The San Francisco 49ers wouldn’t lose.
On a bye, the team sits at a dismal 1-6 and heading nowhere except for a top pick in next year’s draft. Their sparkling new Levi’s Stadium is half-empty for home games. Plus, the only thing of note has not taken place on the field.
Colin Kaepernick’s kneel-down protest of the National Anthem has been about the only attention that has come to this team. It brought national attention to him, making him the newest public figure in the issues and discussions about race in the United States. His presence has grown to the point where it garnered a cover of Time magazine and stories about in every major news outlet. Even during their bye week, publications such as ESPN, Huffington Post, and the New York Daily News ran full-length articles on his Know Your Rights youth camp held in the Bay area.
This is on a bye week.
But this piece is not about Colin Kaepernick’s efforts in the community, his political or social stances, or even the coverage of his latest event.
This article is all about football. Because none of his current exposure happens without him being a part of the San Francisco organization. Don’t kid yourself thinking that Kaepernick is in your viewing radius as just an average citizen.
Kaepernick was supposed to be the franchise quarterback that would be the leader of the 49ers into the future after the team’s Super Bowl run in 2012. But after a NFC Championship loss to Seattle in 2013, their fortunes began to turn southward. After an 8-8 record in 2014 and a 5-11 record the following season, there were signs that maybe Kaepernick wasn’t the quarterback the team thought he could be.
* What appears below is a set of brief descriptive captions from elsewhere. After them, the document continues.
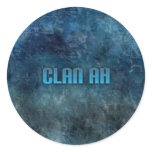 AH Sticker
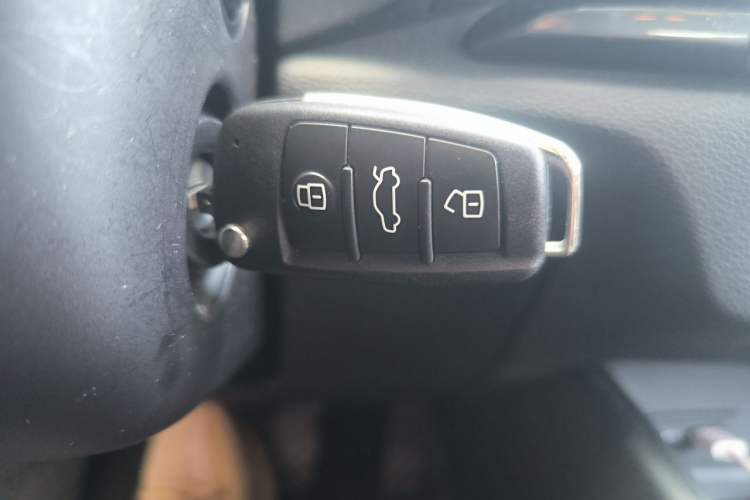 Used Audi A3 2018 30th Anniversary Edition Limousine 35 TFSI Fashion Model Vehicle Key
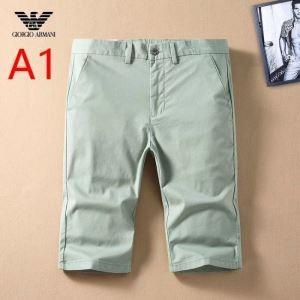 Quần denim mùa đông Corde Gorge Armani Armani Armani Armani Tạo ra một phong cách mùa thu / mùa đông 3 Lựa chọn màu 2019 Thời trang vào mùa thu và mùa đông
But with the hiring of Chip Kelly in 2016, some thought that the marriage of Kelly’s spread-style offense and Kaepernick’s skill set would turn things around. But Kaepernick couldn’t beat our Blaine Gabbert for the starting position. The team floundered to a 1-4 start with the offense being a punchless mess. Kelly changed quarterbacks after Week 5 and some hoped that Kaepernick could provide a spark.
But two games in and the losses continued.
Kaepernick’s numbers were dismal. A completion percentage of only 46 percent. Sacked seven times in two games. The team outscored by its two opponents (Buffalo and Tampa Bay) 79-33.
San Francisco is at the halfway point of the season and the schedule doesn’t get any easier. Three division leaders (New England, Atlanta, and Seattle) await as well as two trips to the East Coast (at Atlanta, at Miami). How many games Kaepernick starts is anyone’s guess. But mock drafts are already predicting the 49ers will draft a quarterback in next year’s draft.
So it leaves two more months of Colin Kaepernick to prove that he either belongs in the league or he gets cut and a good chance no other team picks him up for the 2017 season. And as much as the social justice activists on Twitter will scream that it reeks of racism and unfairness, the numbers will say otherwise.
Colin Kaepernick may have found his calling in speaking out on the issues that he feels concerned about.
But sooner rather than later, he needs to play some quality football.